The Food Safety and Standards Authority of India (FSSAI)'s attempt to introduce health star ratings (HSR) on front-of-the-pack labels (FOPLs) to discourage the use of junk food could be a flawed idea in the Indian context, warns a recent study.
The yet to be peer-reviewed study, prepared by a group of researchers led by Lindsey Smith Taillie of the University of North Carolina, concludes that an HSR representation might be the least effective option among various FOPLs that have been prescribed by various food standard regulators across the world. The results suggest that the direct "warning labels" are the most effective FOPL to help Indian consumers identify and avoid unhealthy foods.
The researchers conducted an in-person randomised experiment in 2,869 adults between ages 18 and 60 years old in six states of India in March 2022. "Participants were randomized to one of five FOPLs: a control label (barcode), warning label (octagon with "High in [nutrient]"), Health Star Warning (HSR), Guideline Daily Amount (GDA), or traffic light label. Participants then viewed a series of foods high in sugar, saturated fat, or sodium with the assigned FOPL, and rated product perceptions and label reactions. Fewer than half of participants in the control group (39.1%) correctly identified all products high in nutrient(s) of concern. All FOPLs led to an increase in this outcome, with the biggest differences observed for the warning label (60.8%) followed by the traffic light label (54.8%), GDA (55%), and HSR (45%). Relative to the control, only the warning label led to a reduction in intentions to purchase the products. The results suggest that warning labels are the most effective FoPL to help Indian consumers identify and avoid unhealthy foods," the study notes.

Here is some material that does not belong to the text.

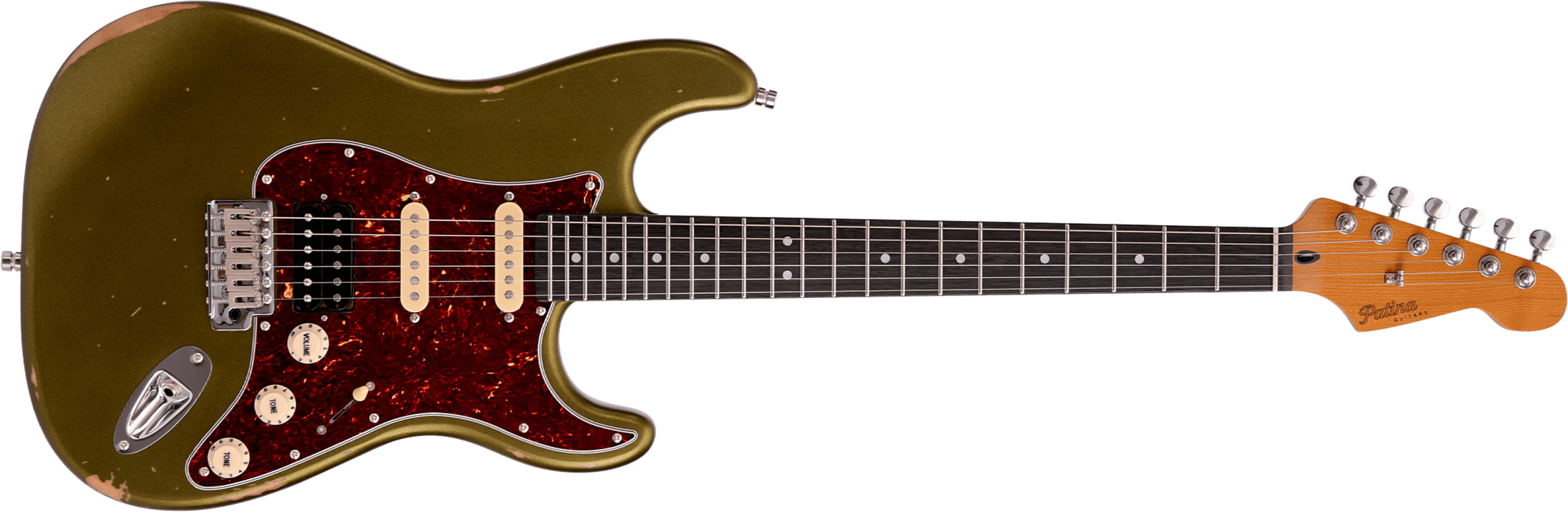 Patina Guitars Ps7 Sgr R Hss Trem Rw - Sherwood Green Relic - Guitarra eléctrica con forma de str. - Main picture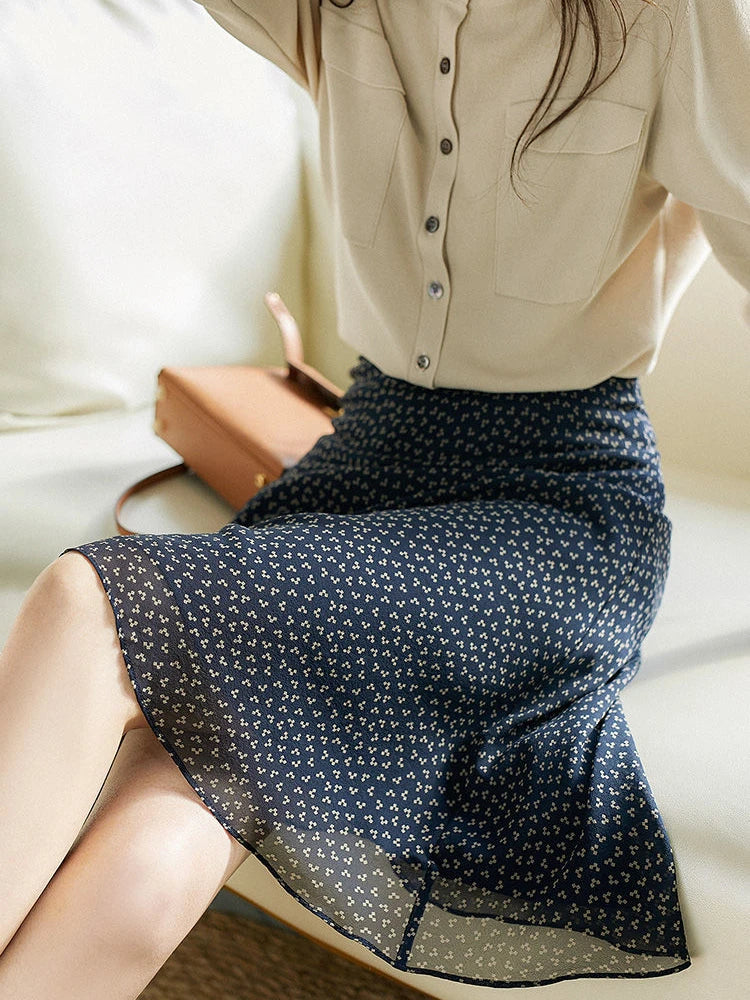 Female Skirts Floral Chiffon Women's Skirt Midi High Quality Casual New in A Line Harajuku Streetwear 2024 Trend Premium Cheap V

The World Health Organisation (WHO) has recommended the use of FOPLS to reduce consumption of packaged foods high in added sugar, sodium, saturated fat, and trans fats as studies globally suggest excessive consumption of ready-to-eat or ready-to-heat foods and drinks that are high in added sugars, sodium, saturated fats, and refined carbohydrates etc increase risk of obesity and related non communicable diseases (NCDs).
The researchers found that the HSR system was the lowest-performing FOPL relative to others with regards to helping consumers identify "high-in" products, and had no impact on behavioral intentions. "One likely reason for the HSR's low performance is that it was designed with different public goals in mind. While warnings are designed with the goal to discourage the most unhealthy purchases, while others, like the HSR are designed to nudge towards "healthier purchases", the study says.
"We oppose the recommendation for use of HSR Model in India due to the reasons that health star ratings are taken with a positive connotation and do not meet the intention of FOPL regarding warning for negative nutrients, which may be overwhelmed by positive nutrients in the algorithm design for HSR. Other the other hand, negative warning labels that efficiently help identify unhealthy products have proved to be most effective for discouraging junk food and ultra-processed food choices. They are simple enough to understand and can be used without sustained investments in educational campaigns. It would also act as an efficient tool to guide those consumers who are medically advised to reduce the intake of fat, sugar, or salt in their diet, thereby encouraging them towards a healthy eating habit," George Cheriyan, Director of CUTS International, and a member of stakeholder group of FSSAI on FOPL from January 2021, says.
Incidentally, FSSAI move was based on a study carried out by researchers of IIM, Ahmedabad which looked at "consumer preferences for different nutrition FOPLs in India" in a sample size of 20,564 persons across India. The IIM-A study concludes that HSR and 'Warning Labels' are in the highest pecking order from the perspective of ease of identification, understanding, reliability and influence. "Among the two, HSR appears most acceptable, outdoing the nutrient specific formats on ease of understanding," it said.
However, the survey indicated that the chief concern of the opponents of HSR – that it does not clearly tell the exact percentage of unhealthy nutrient or ingredient - is valid. According to IIM-A, it was MTL (multi traffic light) model that was most preferred when it came to reflecting necessary health information and presence of an unwanted nutrient.
As FSSAI shows no inclination to change its stand, the consumer organisations in India – around 100 organisations from 15 states - have jointly opposed the move to introduce HSR. "All the consumer organisations strongly feel that such HSR system can easily be manipulated by the food manufacturing and processing industry and the objective of consumer health can never be achieved," Cheriyan says.